Wanting to try some regional wines but don't know what to look for?
look for these key regions:
Valpolicella: comuni (municipalities) of Pescantina, San Pietro in Cariano, Negrar, Marano, Fumane, Sant’Ambrogio and Sant’Anna d’Alfaedo, producing red wine
Bardolino: comune 25 kilometers northwest of Verona, producing red wine
Soave: 23 kilometers east of Verona, producing dry white wine
also, Amarone is a special type of wine, produced by using dried grapes, leaving almost no grape sugar remaining in the product. It's usually quite pricey, but quite a strong and delicious flavor, with content usually around 15%. Look for labels stating Amarone della Valpolicella.
Head just minutes outside of town and you'll be amidst the Veneto wine country. There are plenty of winieries to taste and buy wine at. Purchase wines at cantinas along the country side for cheaper deals than within the city. Look at the link below for addresses and more details.

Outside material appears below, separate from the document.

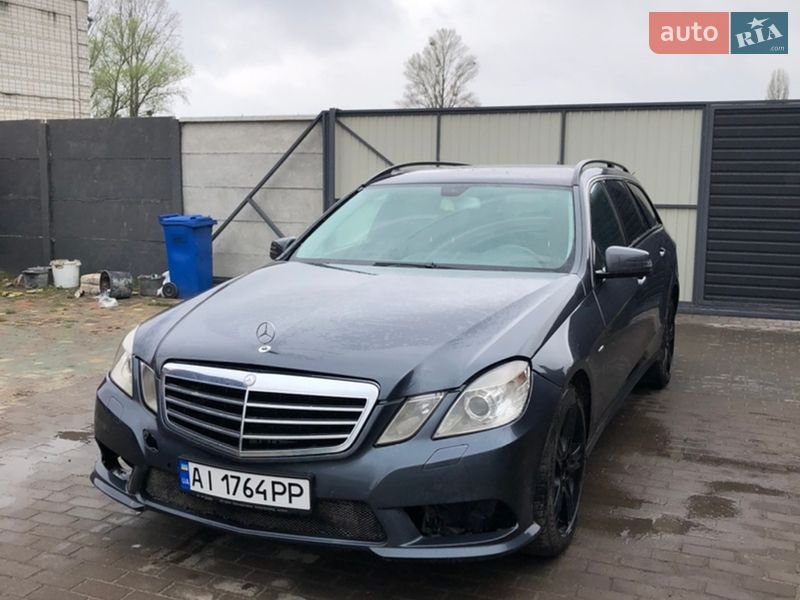 Mercedes-Benz E-Class 2010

The "sprizzato" or "spritz" of german origins, is widely used as "aperitivo" all around the Veneto region.
What is it?
Basycally, it's white wine mixed with something else...

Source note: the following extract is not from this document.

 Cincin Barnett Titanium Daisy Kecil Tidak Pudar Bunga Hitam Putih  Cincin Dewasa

It is not a simple question.. while in Verona it is usually ment to be sparkling water (Wine lovers may desagree, but -believe me - you have to think of drinking it on a hot summer day with 28+ degrees celsius outside!) in Venice, without specifications, it's wine and Aperol (a ligth orange spirit, also used with water alone) and it is very good.
Some other do it whith white wine and one of the non-alcohlic aperitives (red to yellow coloured) such as Sanpellegrino bitter (also referred as Sanbitter), gingerino, crodino...
in the town where i was born this last mix is properly called a "taglio" (a "cut") but i don't want to argue.
Anyway, whenever it's hot outside, try it before lunch or dinner.
A game i sometimes play around Veneto region is to simply ask for a "Sprizzato", and just wait and see how this particular barman do it!
Yes, I could not miss this one. I just love good wine, as much as I do good food, music, stylish clothing etc. And the Veronese wines are one of the leaders of the Italian national export of doc wines. So, seeing the importance of the thing and my love of the subject, I’ve listed the best local D.O.C. Wines (with controlled specifications of origin). Only check the table of the years, to choose the really perfect one. Here’s the list, anyway:
- Valpolicella (including Recioto and Amarone, not to be missed),
- Valpolicella-Valpantena (with Recioto di Valpolicella-Valpantena),
- Soave (with Recioto di Soave),
- Bardolino, Bardolino Novello,
- Bianco di Custoza,
- Bianco and Rosso Valdadige, Valdadige Schiava, Valdadige Pinot Grigio,
- Tocai di San Martino della Battaglia and
- Lessini Durello.
You can go to the area where Bardolino and Custoza are produced following "la strada del vino" (the wine road) of Bardolino, of Valpolicella and of Custoza.